Thailand's prime minister has ordered the completion of a natural gas pipeline between Thailand and Burma, long stalled by human rights and environmental groups, newspapers reported Sunday.
Premier Chuan Leekpai halted work on the project after protests by environmental activists, who say the pipeline will destroy areas of Thailand's remaining virgin forest and endanger wildlife. Some have been camping out in the forest for two months to block construction.
The pipeline has also met opposition from human rights groups here and abroad who say the Burmese section is being built with forced labor.
"I have decided that the project must continue. I don't have the right to stop it," Chuan was quoted as saying following an inspection trip to the construction site in Thailand's western border province of Kanchanaburi.
"The pipeline must continue. Whoever wants to stay in the forest is free to do so," he said.
The $1-billion pipeline, a joint venture among U.S.-based Unocal Corp., France's Total, the Petroleum Authority of Thailand and Burma's military regime, will carry natural gas from Burma's Gulf of Martaban to a power plant in Thailand.
Activists have filed a class-action lawsuit in California against El Segundo-based Unocal, and there have been demonstrations at Total's headquarters in France.
While admitting that human rights abuses exist in Burma, both companies deny slave labor has been used to build the pipeline.
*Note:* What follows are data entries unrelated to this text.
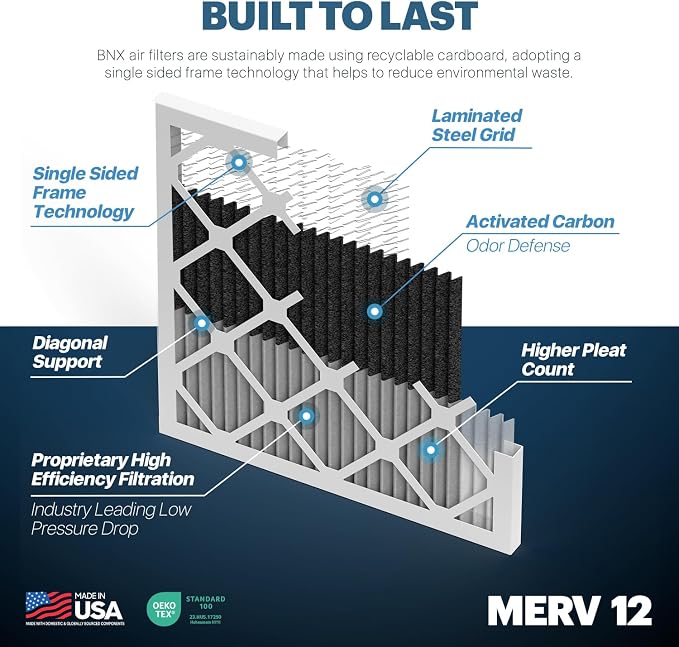 BNX TruFilter 16x25x1 MERV 12 Odor Defense AC Furnace Air Filter - Image 4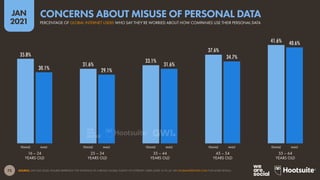 73
JAN
2021
35.8%
31.6%
33.1%
37.6%
41.6%
30.1% 29.1%
31.6%
34.7%
40.6%
SOURCE: GWI (Q3 2020). FIGURES REPRESENT THE FINDINGS OF A BROAD GLOBAL SURVEY OF INTERNET USERS AGED 16 TO 64. SEE GLOBALWEBINDEX.COM FOR MORE DETAILS.
FEMALE MALE FEMALE MALE FEMALE MALE FEMALE MALE FEMALE MALE
16 – 24
YEARS OLD
25 – 34
YEARS OLD
35 – 44
YEARS OLD
45 – 54
YEARS OLD
55 – 64
YEARS OLD
PERCENTAGE OF GLOBAL INTERNET USERS WHO SAY THEY’RE WORRIED ABOUT HOW COMPANIES USE THEIR PERSONAL DATA
CONCERNS ABOUT MISUSE OF PERSONAL DATA
 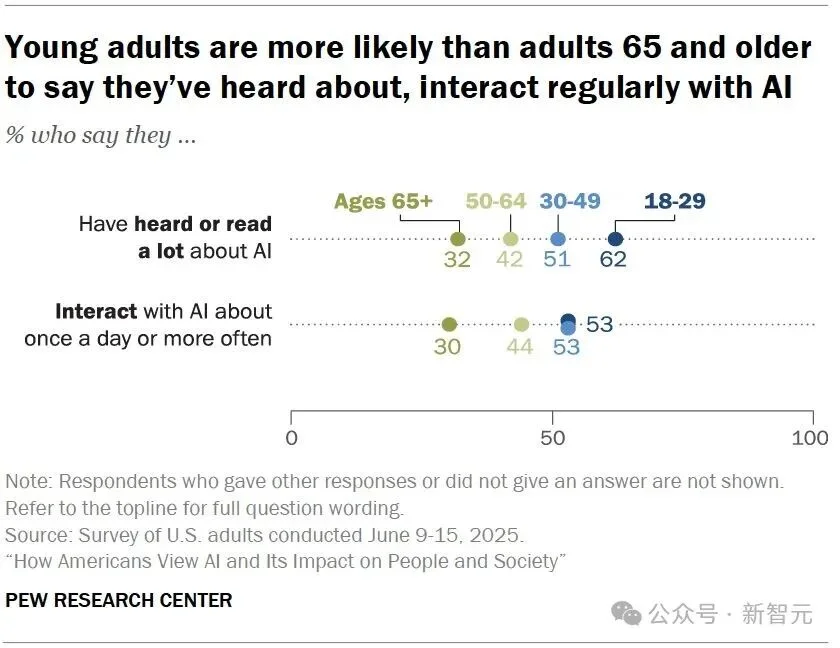 哈佛最新调查:59%感到被AI威胁,超半数离不开!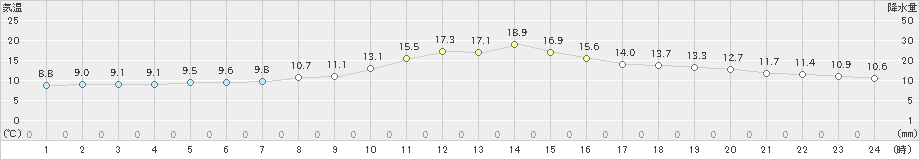 西川(>2023年11月12日)のアメダスグラフ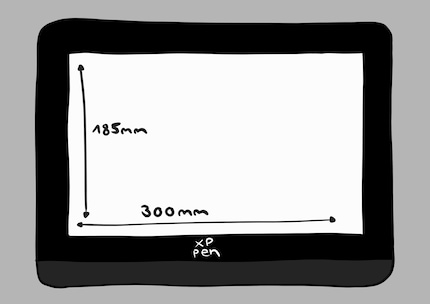 Hier siehst du das Tablet in der vollen Grösse im Vergleich zum wirklichen Malbereich.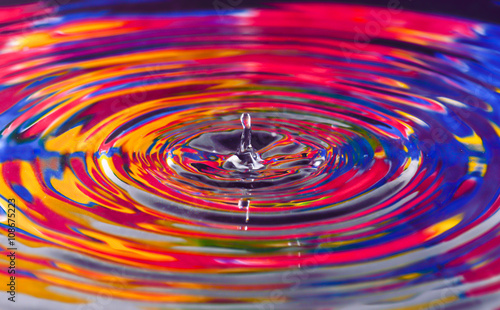 Colourful of water drop close up for the background, texture, mo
Following the protests, the Thai government appointed a panel headed by former Prime Minister Anand Panyarachun to investigate the project. Last week it concluded that the Petroleum Authority of Thailand was not transparent in its dealings and recommended the government act to alleviate the social and environmental effects of the project.
Chuan said various agencies would look into the panel's observations but decided that the project should continue.
After Chuan's announcement, the activists who had camped out in the forest prepared to end their protest.